5.4 Survival. Sections 2.3, 2.5, 3.1, 5.4, 6, 7.4, 8, 9, 10, 11, 12, 14, and 15 of this Agreement, as well as any other terms of this Agreement that expressly extend or by their nature should extend beyond termination of this Agreement, will survive and continue in full force and effect after any termination of this Agreement.
6.1. Confidential Information. “Confidential Information” means nonpublic information or data revealed by or through a party (the “Disclosing Party”), whether in writing, orally, or by other means, to the other party (the “Receiving Party”) in connection with this Agreement, including without limitation, (a) the terms, conditions, or other facts with respect to this Agreement; (b) information expressly or implicitly marked or disclosed as confidential, including, without limitation, all forms and types of financial, business, scientific, technical, economic, or engineering information; (c) a party’s proprietary information, including without limitation, plans, compilations, patterns, formulas, designs, drawings, specifications, methods, techniques, processes, procedures, data, know-how, ideas, research, development, projects, products, services, contracts, relationships, proposals, finances, pricing and costs, whether tangible or intangible, and whether or how stored, compiled, or memorialized physically, electronically, graphically, photographically, or in writing; (d) information traditionally recognized as proprietary trade secrets; (e) the identification of and other information relating to a party’s employees, vendors, clients, or customers; and (f) all copies of any of the foregoing or any analyses, studies, compilations, or reports that contain, are based on, or reflect any of the foregoing.

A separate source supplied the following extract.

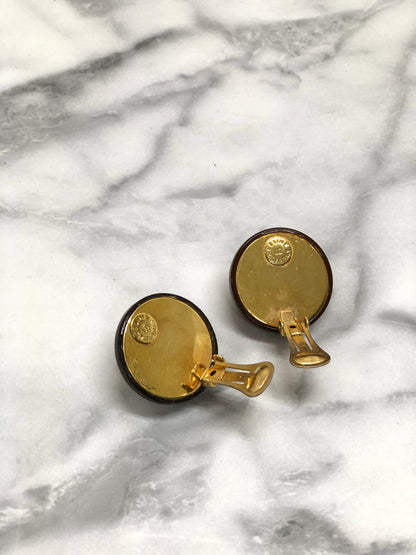 CELINE Horsebit Earrings Brown Gold Vintage Old Accessories x27mdf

6.2 Exceptions. Confidential Information does not include information which: (a) is or becomes generally available to the public other than as a result of disclosure by the Receiving Party (or any person to whom the Receiving Party disclosed such information); (b) was known by the Receiving Party prior to its disclosure by the Disclosing Party; (c) was independently developed by Receiving Party without use of the Confidential Information; (d) is authorized, in writing, by the Disclosing Party to be disclosed; or (e) becomes available to the Receiving Party on a non-confidential basis from a source other than the Disclosing Party, provided that such source is not bound by a confidentiality agreement, confidentiality obligation, or fiduciary duty which prohibits disclosure and the Receiving Party has no reason to believe that such source may be restricted from making such disclosure.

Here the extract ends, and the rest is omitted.